Within “raw”: -We replaced the original Data.tsv with the updated data. There are the following changes: removed columns regarding the age of the borrowings. Borr_source, Borr_quality and Ref_borr are updated. Some inconsistent dates in Ref_borr are fixed in this pull.

-Since my previous pull, we added the BibTex codes to the Borrowing_references.tsv and double-checked some of the dates of the references. Accidental duplicate entries removed, one entry added. Tweaks in Borrowing_references.bib: spaces and unnecessary inconsistent information removed. We checked and fixed some parsing problems.

-The ODS-file is removed because it is redundant. We wish to encourage using the tsv-files instead.

-Both Python scripts bib2tsv.py & tsv2bib.py are updated to handle the borrowing references.
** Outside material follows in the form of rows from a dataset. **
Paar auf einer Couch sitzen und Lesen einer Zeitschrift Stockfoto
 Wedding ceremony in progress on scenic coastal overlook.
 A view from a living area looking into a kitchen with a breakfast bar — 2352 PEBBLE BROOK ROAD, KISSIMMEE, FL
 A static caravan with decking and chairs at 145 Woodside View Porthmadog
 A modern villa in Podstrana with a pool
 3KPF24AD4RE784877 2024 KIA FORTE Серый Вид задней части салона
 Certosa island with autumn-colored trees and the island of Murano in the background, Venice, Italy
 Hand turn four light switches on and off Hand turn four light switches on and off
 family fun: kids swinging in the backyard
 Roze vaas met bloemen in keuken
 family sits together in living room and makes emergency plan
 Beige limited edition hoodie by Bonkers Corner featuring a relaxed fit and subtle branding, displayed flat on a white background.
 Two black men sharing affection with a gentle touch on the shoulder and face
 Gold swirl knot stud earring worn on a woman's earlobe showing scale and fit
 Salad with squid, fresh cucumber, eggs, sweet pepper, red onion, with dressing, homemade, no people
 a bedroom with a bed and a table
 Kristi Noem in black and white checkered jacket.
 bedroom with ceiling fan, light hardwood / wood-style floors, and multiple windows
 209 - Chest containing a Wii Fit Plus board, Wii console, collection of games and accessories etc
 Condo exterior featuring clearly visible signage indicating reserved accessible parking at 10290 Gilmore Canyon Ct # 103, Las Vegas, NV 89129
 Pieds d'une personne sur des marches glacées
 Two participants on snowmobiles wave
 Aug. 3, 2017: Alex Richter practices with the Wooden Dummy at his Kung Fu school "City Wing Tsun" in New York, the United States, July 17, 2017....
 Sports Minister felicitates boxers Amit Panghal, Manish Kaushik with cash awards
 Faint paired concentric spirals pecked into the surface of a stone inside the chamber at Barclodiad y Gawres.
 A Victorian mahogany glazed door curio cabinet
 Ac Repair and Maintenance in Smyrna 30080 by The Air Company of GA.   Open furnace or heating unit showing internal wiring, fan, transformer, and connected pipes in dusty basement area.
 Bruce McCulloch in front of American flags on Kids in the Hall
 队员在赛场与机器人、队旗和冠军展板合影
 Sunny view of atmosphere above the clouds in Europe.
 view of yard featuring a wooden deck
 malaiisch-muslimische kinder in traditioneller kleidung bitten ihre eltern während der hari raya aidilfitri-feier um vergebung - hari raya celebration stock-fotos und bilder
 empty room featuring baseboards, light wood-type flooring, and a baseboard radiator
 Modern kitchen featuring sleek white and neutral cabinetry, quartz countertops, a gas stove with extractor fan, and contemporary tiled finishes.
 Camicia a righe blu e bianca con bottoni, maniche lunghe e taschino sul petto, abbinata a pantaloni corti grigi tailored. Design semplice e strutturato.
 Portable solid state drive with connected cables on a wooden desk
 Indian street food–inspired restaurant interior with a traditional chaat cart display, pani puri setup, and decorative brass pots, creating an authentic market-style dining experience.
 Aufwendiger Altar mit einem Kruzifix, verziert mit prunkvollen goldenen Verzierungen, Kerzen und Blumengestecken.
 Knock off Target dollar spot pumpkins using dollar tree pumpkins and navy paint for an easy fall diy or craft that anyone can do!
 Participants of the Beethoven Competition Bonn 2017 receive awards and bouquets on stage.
-No changes were required for Citations.bib, Citation_codes.tsv, Language_compilers.tsv, Languages.tsv, Meaning_list_descriptions.tsv, Meaning_lists.tsv and Meanigs.tsv since the first version.

In main: -We replaced the documentation with the updated UraLex2.0_Documentation.md and solved UTF-8 problems

xrotwang commented 3 years ago

@MervideHeer so is this the status after the review period - i.e. ready to be published?

MervideHeer commented 3 years ago

@MervideHeer so is this the status after the review period - i.e. ready to be published?

Hello! We are finished with the files. This is more of an "internal review" here. The goal is to get the data out and in conjunction, I'll submit a paper (ready to go) to a linguistic journal where we analyze and demonstrate the data. I just send an email about moving towards the final Zenodo phase. For these steps, want to keep the people who were involved in the first release informed so that I don’t miss anything. Unfortunately, they do not seem to be participating in this repository and the discussion here.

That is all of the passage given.